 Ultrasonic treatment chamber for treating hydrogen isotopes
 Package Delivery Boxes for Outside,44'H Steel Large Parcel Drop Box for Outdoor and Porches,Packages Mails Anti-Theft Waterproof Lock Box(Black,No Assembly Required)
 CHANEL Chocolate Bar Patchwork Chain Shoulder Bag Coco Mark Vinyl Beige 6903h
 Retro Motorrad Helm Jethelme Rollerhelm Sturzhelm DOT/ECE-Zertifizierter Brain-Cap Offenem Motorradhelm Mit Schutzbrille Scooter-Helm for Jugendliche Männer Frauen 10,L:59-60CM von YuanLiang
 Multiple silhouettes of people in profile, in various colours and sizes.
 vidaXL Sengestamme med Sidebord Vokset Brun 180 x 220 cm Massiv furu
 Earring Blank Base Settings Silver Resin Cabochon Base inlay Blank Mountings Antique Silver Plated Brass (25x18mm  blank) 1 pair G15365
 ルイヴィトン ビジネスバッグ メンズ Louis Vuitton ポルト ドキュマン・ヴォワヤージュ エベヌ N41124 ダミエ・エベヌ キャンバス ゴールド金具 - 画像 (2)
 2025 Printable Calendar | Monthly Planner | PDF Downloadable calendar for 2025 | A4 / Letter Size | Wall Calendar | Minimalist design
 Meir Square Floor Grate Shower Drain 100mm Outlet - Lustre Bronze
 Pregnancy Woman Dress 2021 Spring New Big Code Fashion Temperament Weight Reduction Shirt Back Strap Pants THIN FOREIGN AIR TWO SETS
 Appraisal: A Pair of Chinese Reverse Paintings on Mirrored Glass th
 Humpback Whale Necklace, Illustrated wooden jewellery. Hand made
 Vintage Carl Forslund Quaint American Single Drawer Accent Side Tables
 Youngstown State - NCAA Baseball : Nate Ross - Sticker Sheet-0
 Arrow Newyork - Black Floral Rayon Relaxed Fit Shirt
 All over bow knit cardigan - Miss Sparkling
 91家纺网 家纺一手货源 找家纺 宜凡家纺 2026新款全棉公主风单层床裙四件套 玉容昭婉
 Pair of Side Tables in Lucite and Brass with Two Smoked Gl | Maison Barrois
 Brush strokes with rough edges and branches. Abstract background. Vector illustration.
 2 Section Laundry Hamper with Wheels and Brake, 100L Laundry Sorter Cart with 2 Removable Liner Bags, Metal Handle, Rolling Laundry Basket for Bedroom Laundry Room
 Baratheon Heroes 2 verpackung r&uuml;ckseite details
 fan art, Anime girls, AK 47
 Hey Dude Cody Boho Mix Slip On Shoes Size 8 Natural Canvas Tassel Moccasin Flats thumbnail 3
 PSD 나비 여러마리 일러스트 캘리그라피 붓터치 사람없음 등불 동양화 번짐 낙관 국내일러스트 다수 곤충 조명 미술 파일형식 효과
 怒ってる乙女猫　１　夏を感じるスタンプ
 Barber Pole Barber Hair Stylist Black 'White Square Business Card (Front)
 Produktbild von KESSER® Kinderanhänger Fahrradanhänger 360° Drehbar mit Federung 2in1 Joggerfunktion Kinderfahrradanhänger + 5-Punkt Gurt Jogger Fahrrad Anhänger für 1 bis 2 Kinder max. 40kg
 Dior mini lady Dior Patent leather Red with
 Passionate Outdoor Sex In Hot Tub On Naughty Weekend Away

WORK REQUEST:
Working from the listing above, pick out every line that has "Brass" and copy it.

ANSWER SPACE:
 Earring Blank Base Settings Silver Resin Cabochon Base inlay Blank Mountings Antique Silver Plated Brass (25x18mm  blank) 1 pair G15365
 Pair of Side Tables in Lucite and Brass with Two Smoked Gl | Maison Barrois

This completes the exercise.